● **Provided material**:
********
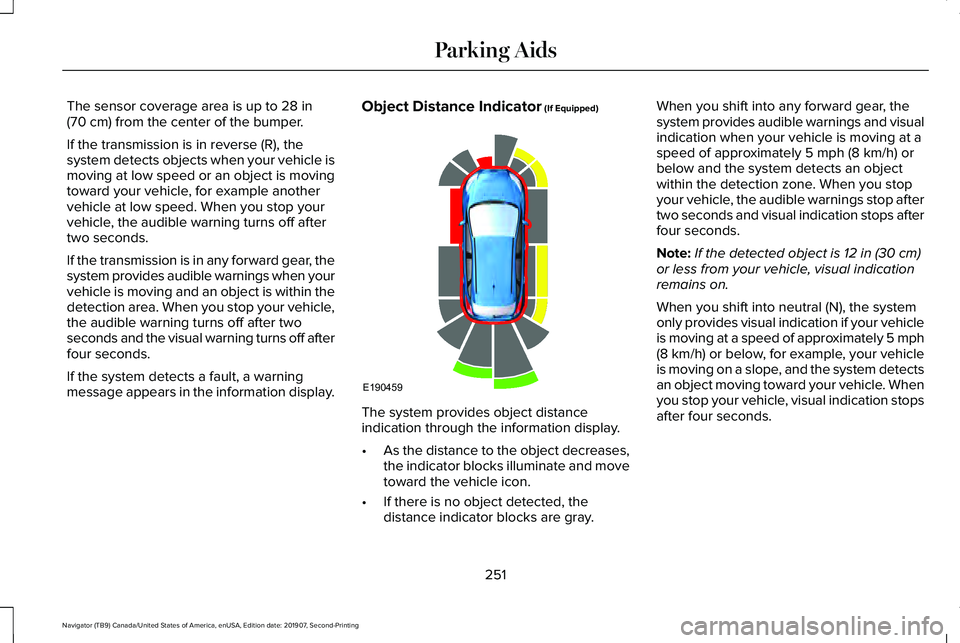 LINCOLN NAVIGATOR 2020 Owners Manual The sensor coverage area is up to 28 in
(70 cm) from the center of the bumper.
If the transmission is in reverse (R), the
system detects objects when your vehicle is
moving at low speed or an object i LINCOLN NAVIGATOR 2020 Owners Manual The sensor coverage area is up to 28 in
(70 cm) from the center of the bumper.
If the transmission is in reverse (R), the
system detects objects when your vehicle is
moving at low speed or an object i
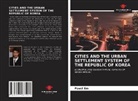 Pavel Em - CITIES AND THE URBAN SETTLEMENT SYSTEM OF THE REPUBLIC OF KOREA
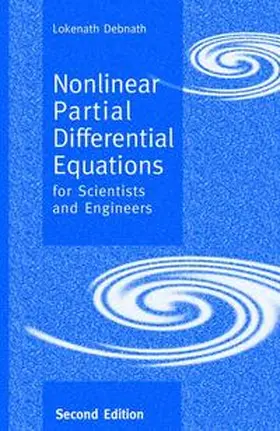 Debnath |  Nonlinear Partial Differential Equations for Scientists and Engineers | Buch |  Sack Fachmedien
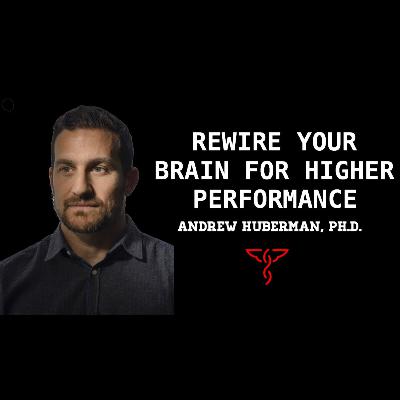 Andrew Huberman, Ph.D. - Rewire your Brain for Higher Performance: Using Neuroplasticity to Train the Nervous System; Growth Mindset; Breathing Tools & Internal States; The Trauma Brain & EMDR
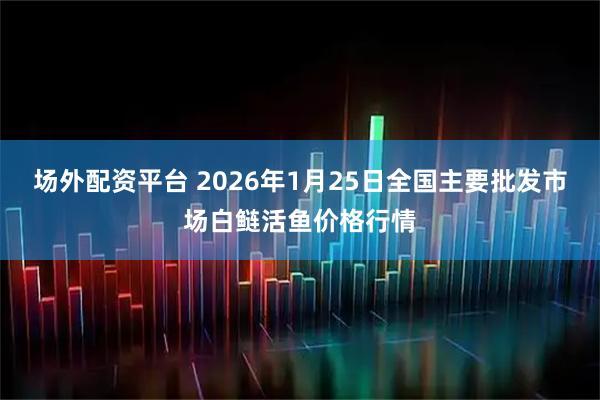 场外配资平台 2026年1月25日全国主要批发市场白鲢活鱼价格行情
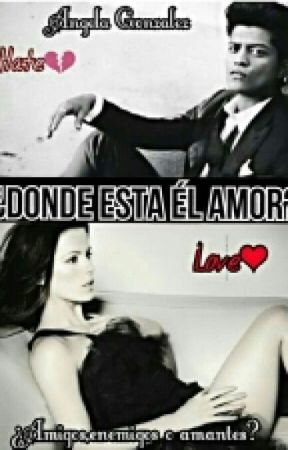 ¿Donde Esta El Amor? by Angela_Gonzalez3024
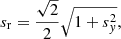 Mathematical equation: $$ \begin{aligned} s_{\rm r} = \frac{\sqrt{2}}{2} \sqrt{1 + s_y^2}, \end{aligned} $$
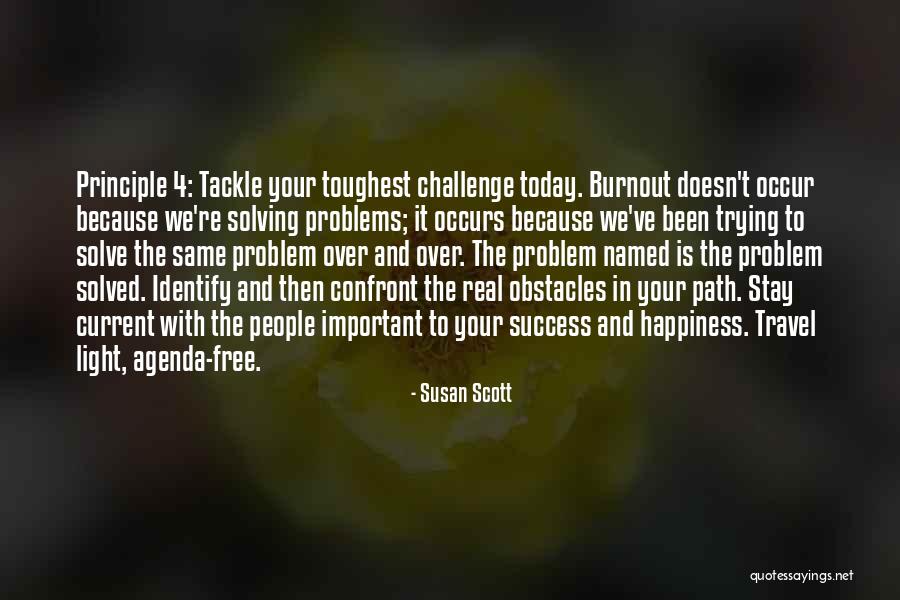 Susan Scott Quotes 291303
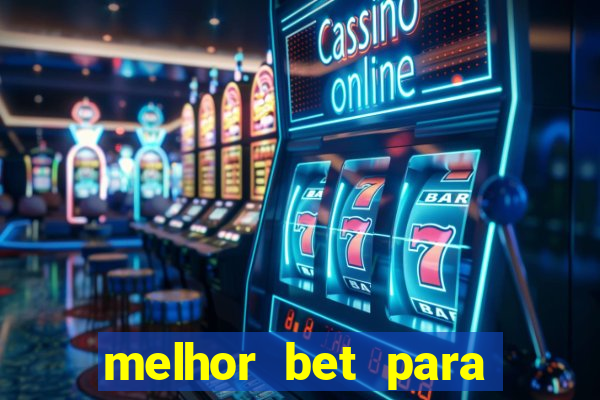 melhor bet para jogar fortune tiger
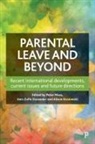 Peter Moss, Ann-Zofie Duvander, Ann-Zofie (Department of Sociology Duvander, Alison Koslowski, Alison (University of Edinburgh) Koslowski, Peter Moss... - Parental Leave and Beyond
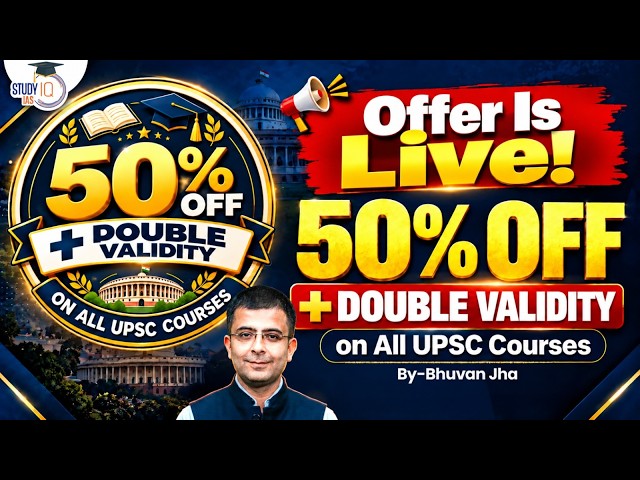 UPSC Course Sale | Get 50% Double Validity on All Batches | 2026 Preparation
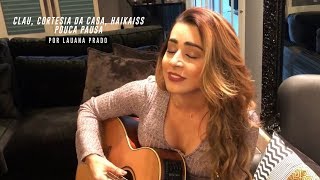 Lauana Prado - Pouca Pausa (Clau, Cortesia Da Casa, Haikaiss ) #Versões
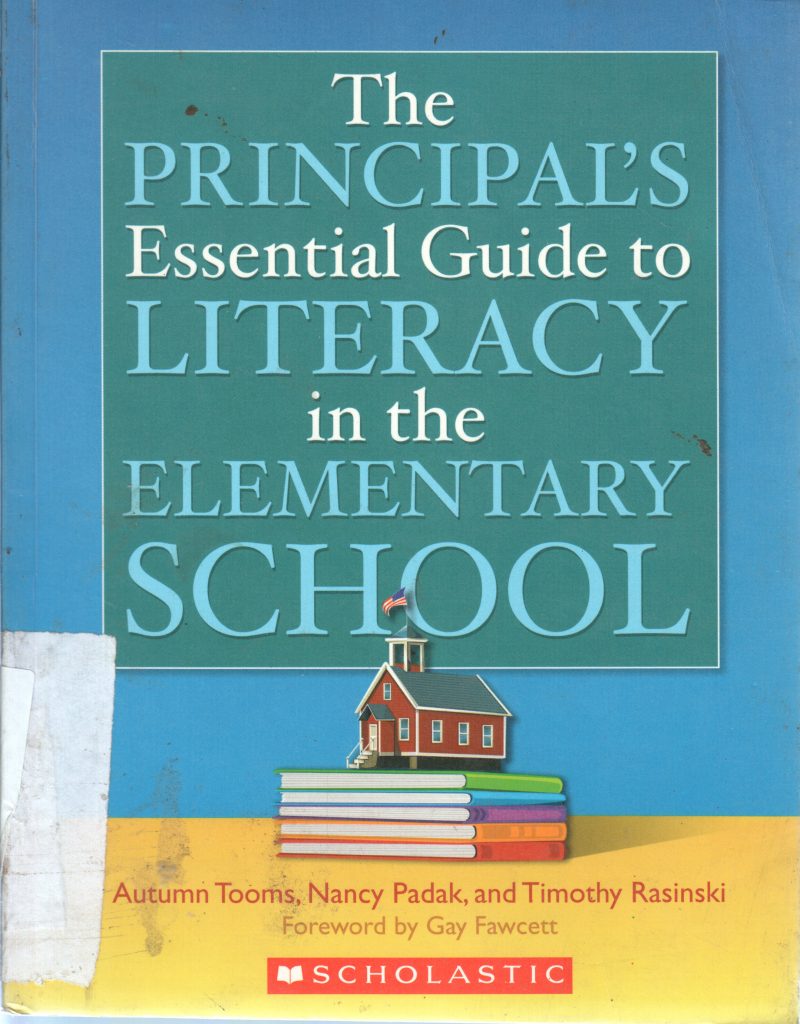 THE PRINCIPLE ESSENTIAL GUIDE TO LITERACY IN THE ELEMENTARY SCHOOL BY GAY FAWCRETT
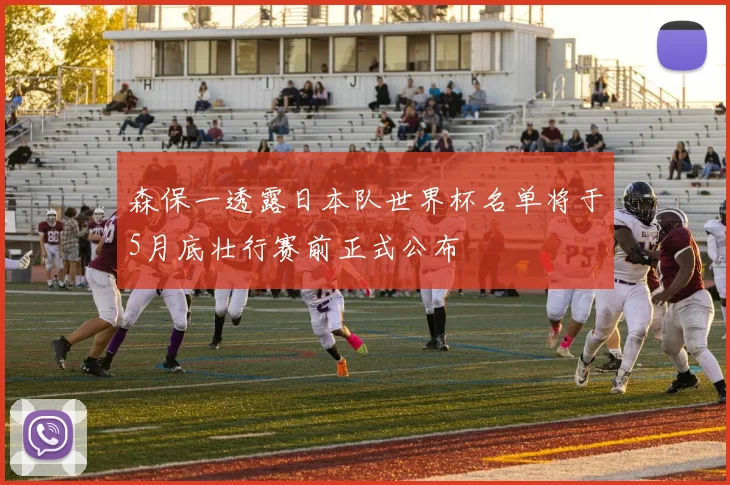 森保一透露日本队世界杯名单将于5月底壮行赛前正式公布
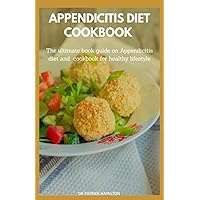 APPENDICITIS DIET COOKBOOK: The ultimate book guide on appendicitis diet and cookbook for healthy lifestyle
********
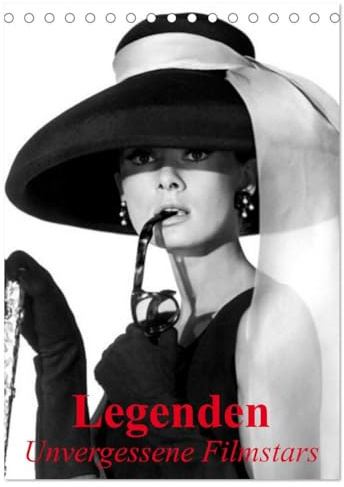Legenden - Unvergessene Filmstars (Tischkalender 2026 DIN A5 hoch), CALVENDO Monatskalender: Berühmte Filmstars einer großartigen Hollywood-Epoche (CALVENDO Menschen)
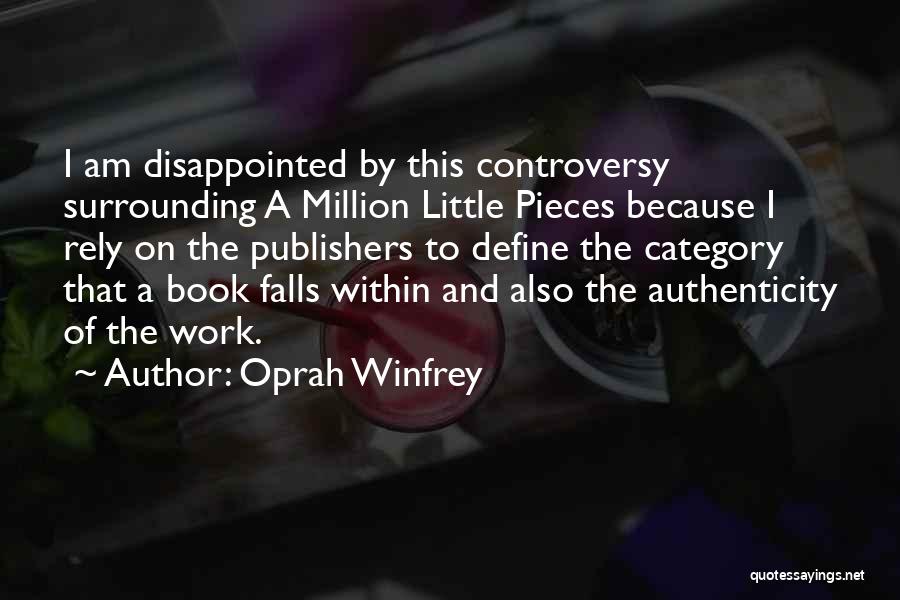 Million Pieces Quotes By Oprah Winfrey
********
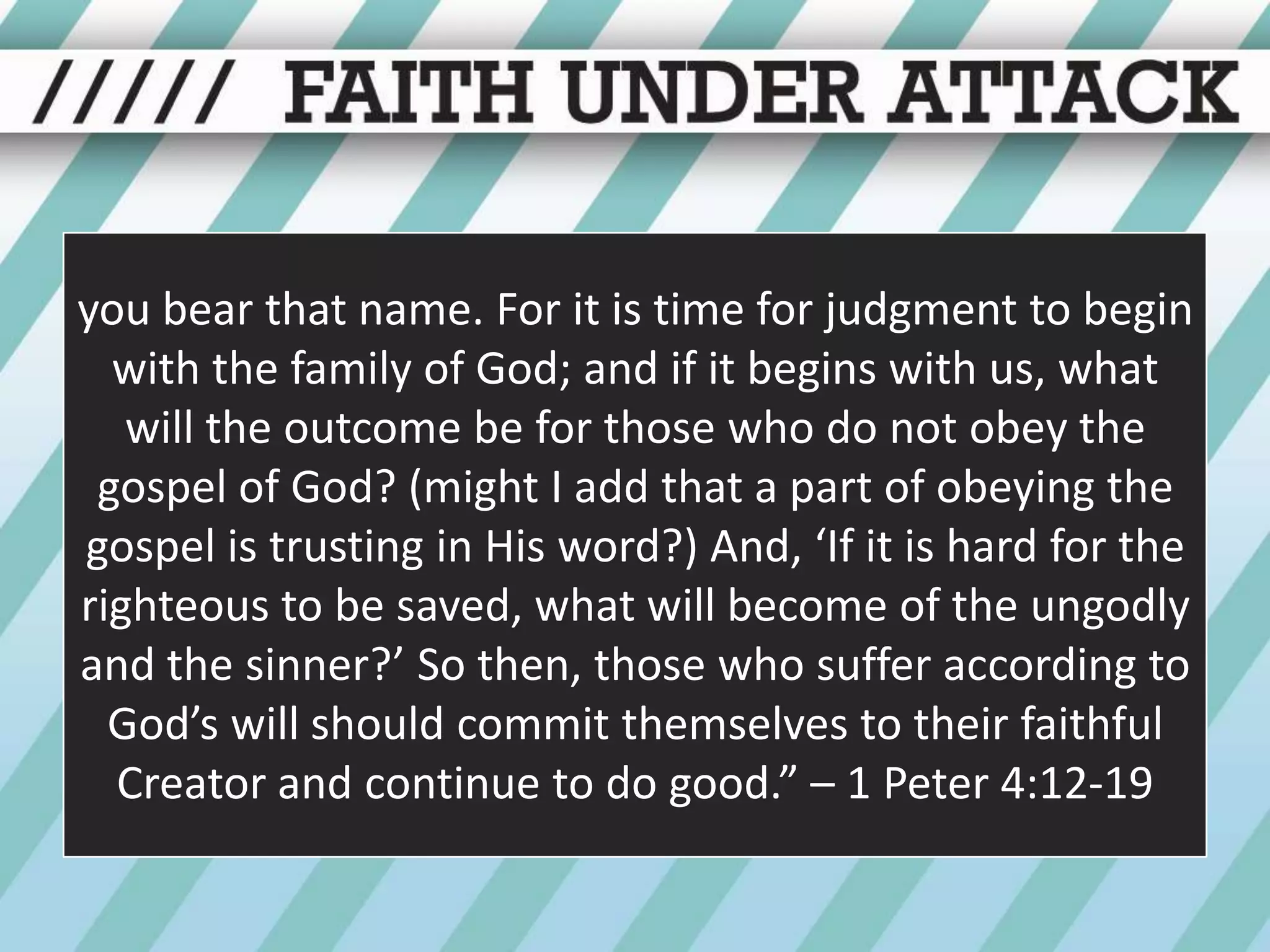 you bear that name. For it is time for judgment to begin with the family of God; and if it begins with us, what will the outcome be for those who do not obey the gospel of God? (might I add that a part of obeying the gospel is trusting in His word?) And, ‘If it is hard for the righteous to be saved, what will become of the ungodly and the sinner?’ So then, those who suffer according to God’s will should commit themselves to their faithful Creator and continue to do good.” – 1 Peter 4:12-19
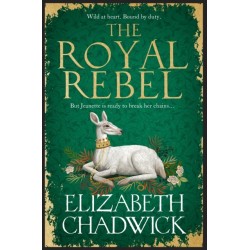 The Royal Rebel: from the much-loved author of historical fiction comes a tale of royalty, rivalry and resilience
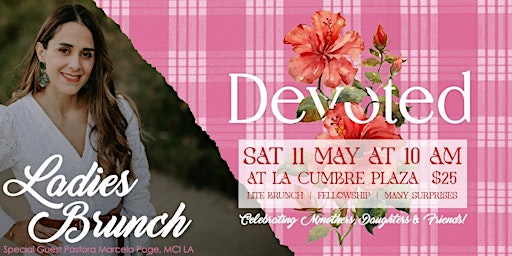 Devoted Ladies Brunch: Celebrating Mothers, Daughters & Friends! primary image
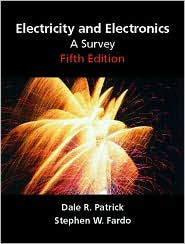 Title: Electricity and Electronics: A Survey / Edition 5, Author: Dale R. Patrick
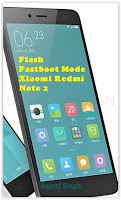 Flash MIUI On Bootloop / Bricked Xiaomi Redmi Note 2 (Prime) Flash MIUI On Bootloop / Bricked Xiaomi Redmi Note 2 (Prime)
********
● **Exercise goal**:
Output exactly, and only, the lines of the entries above from the one with "场外配资平台 2026年1月25日全国主要批发市场白鲢活鱼价格行情" up to and including the one with "APPENDICITIS DIET COOKBOOK: The"; pictures are to be left out.

● **Task answer**:
 场外配资平台 2026年1月25日全国主要批发市场白鲢活鱼价格行情
 ¿Donde Esta El Amor? by Angela_Gonzalez3024
 Mathematical equation: $$ \begin{aligned} s_{\rm r} = \frac{\sqrt{2}}{2} \sqrt{1 + s_y^2}, \end{aligned} $$
 Susan Scott Quotes 291303
 melhor bet para jogar fortune tiger
 Peter Moss, Ann-Zofie Duvander, Ann-Zofie (Department of Sociology Duvander, Alison Koslowski, Alison (University of Edinburgh) Koslowski, Peter Moss... - Parental Leave and Beyond
 UPSC Course Sale | Get 50% Double Validity on All Batches | 2026 Preparation
 Lauana Prado - Pouca Pausa (Clau, Cortesia Da Casa, Haikaiss ) #Versões
 THE PRINCIPLE ESSENTIAL GUIDE TO LITERACY IN THE ELEMENTARY SCHOOL BY GAY FAWCRETT
 森保一透露日本队世界杯名单将于5月底壮行赛前正式公布
 APPENDICITIS DIET COOKBOOK: The ultimate book guide on appendicitis diet and cookbook for healthy lifestyle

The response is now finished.